Data excerpt:

--

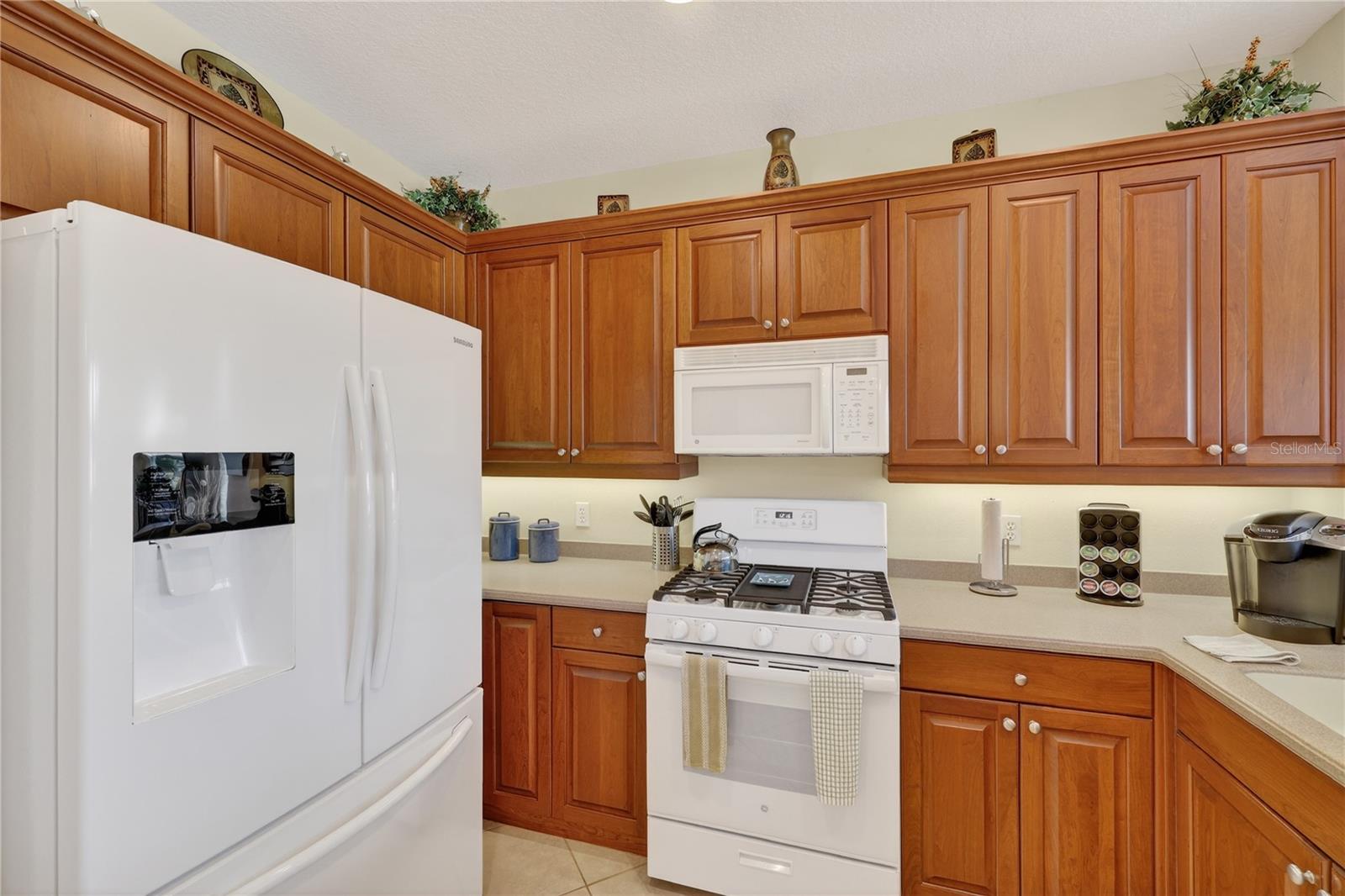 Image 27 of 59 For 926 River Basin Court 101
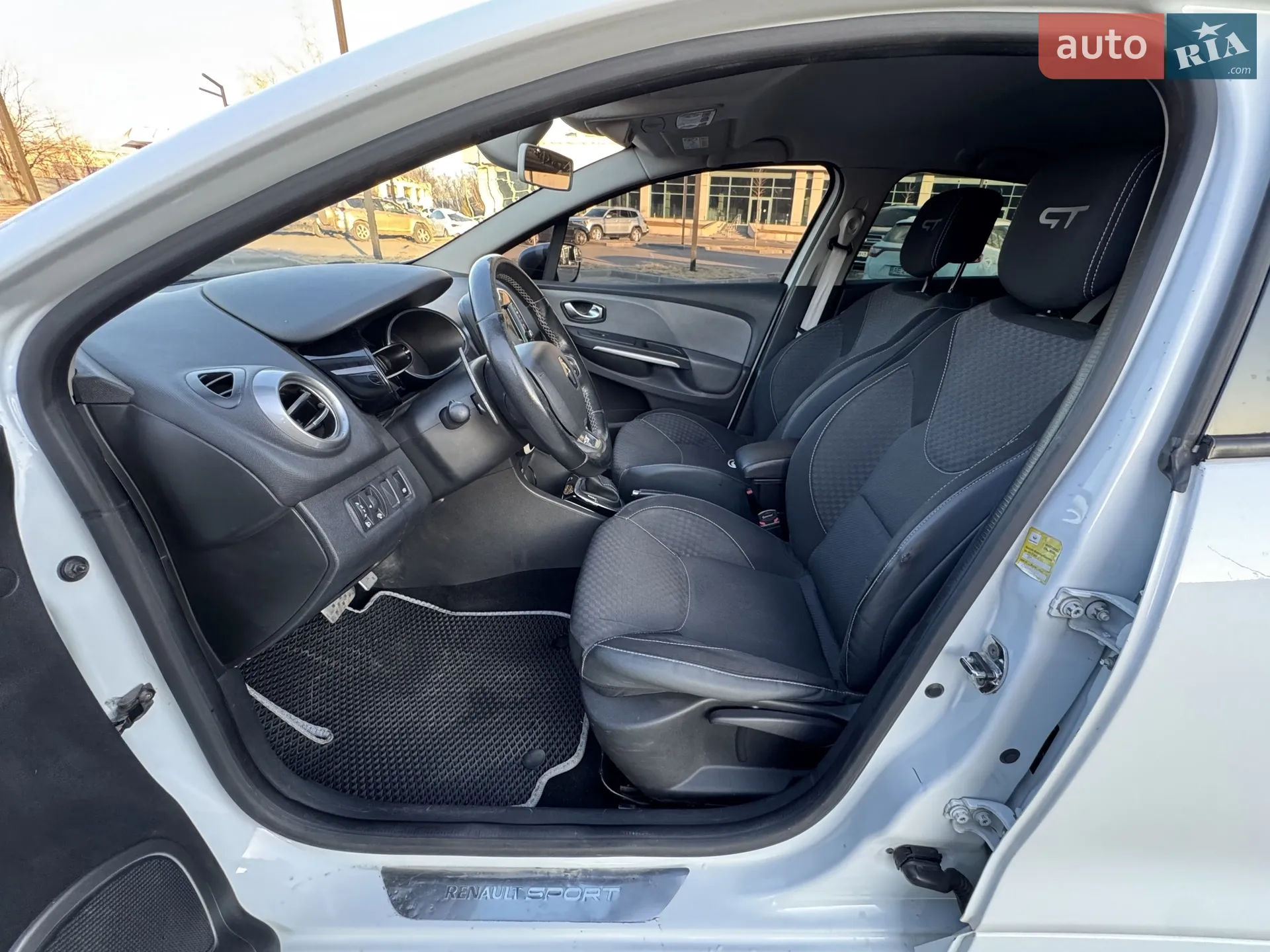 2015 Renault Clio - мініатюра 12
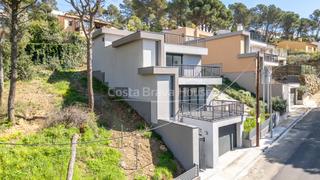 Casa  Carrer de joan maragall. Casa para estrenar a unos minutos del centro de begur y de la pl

--

Directions: All pictures should be dropped; the lines from the one containing "2015 Renault Clio - мініатюра 12" through the last line of the material are to be set down exactly.

Answer to this exercise:
 2015 Renault Clio - мініатюра 12
 Casa  Carrer de joan maragall. Casa para estrenar a unos minutos del centro de begur y de la pl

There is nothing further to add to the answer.